==== PROVIDED DATA
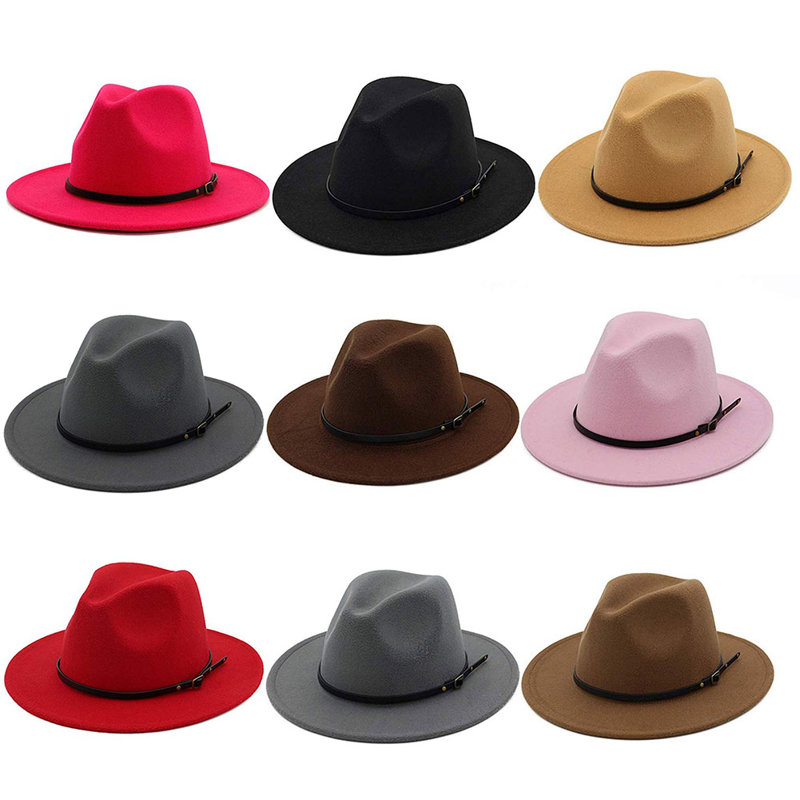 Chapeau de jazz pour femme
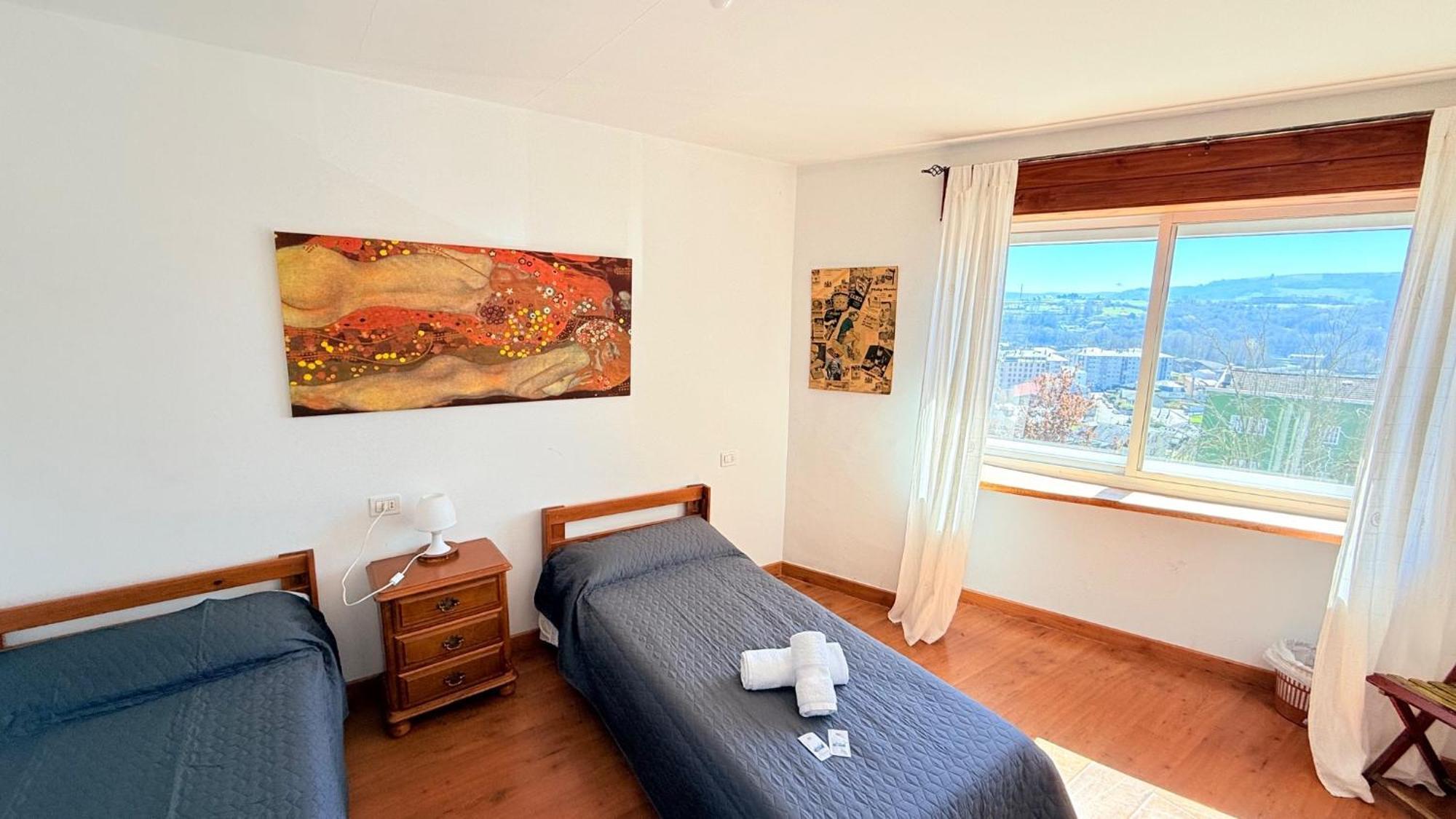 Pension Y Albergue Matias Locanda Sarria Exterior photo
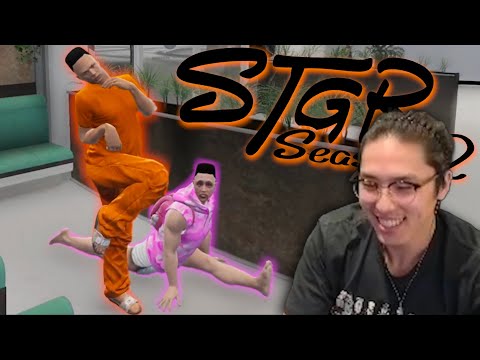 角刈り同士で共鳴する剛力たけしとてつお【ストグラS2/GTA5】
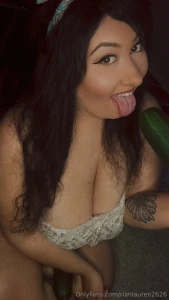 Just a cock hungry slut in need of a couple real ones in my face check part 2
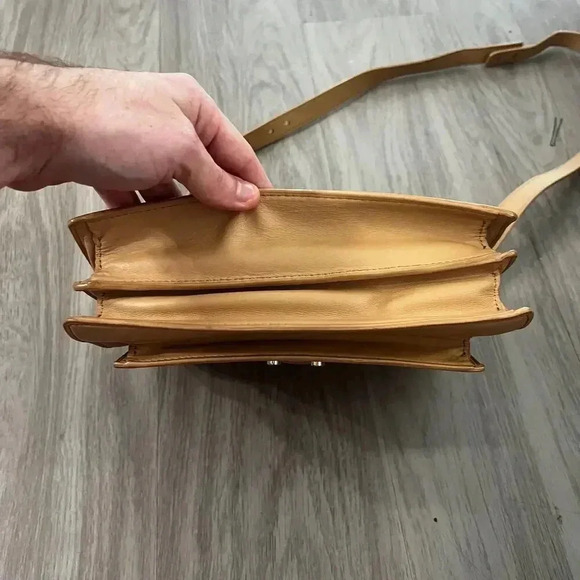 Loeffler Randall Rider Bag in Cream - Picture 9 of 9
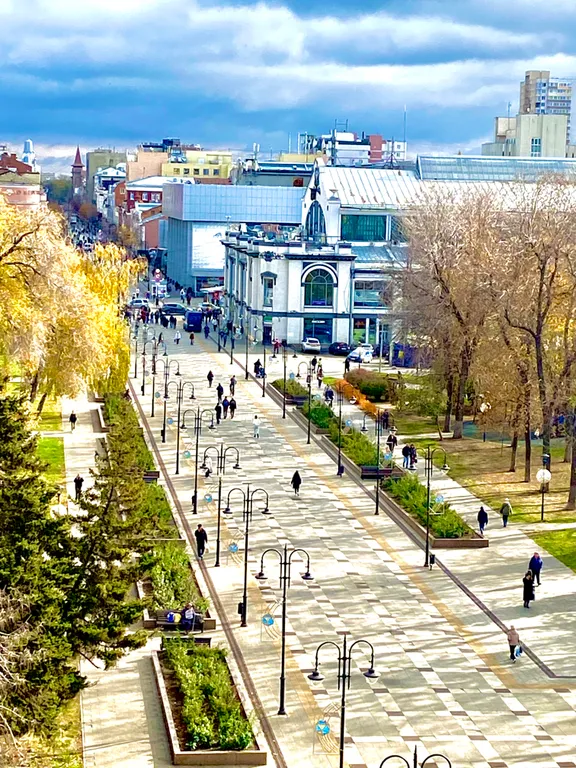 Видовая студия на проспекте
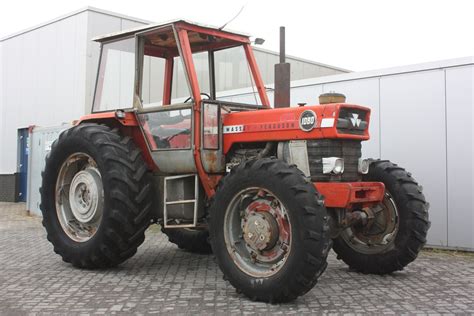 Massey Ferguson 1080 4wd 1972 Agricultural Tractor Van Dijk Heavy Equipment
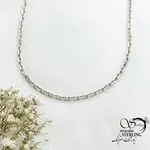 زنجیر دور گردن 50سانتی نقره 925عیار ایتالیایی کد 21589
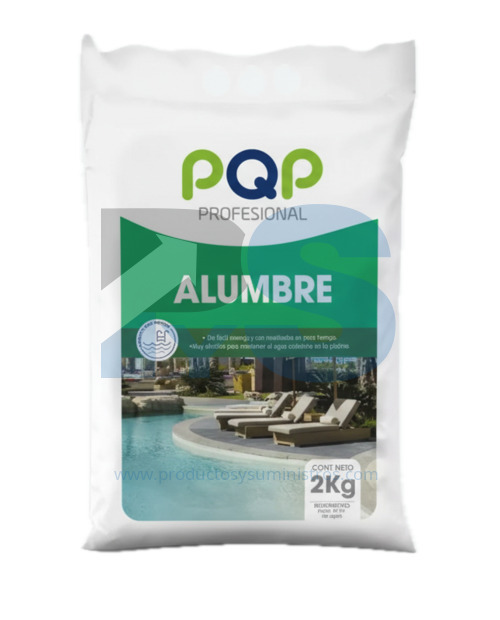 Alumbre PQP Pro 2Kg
========
- _HOW TO COMPLETE THIS TASK_
What is needed is an exact repeat of only the lines from the one containing "Just a cock" through the last line of the listing above, both ends included, without the pictures.

- _PROBLEM SOLUTION_
 Just a cock hungry slut in need of a couple real ones in my face check part 2
 Loeffler Randall Rider Bag in Cream - Picture 9 of 9
 Видовая студия на проспекте
 Massey Ferguson 1080 4wd 1972 Agricultural Tractor Van Dijk Heavy Equipment
 زنجیر دور گردن 50سانتی نقره 925عیار ایتالیایی کد 21589
 Alumbre PQP Pro 2Kg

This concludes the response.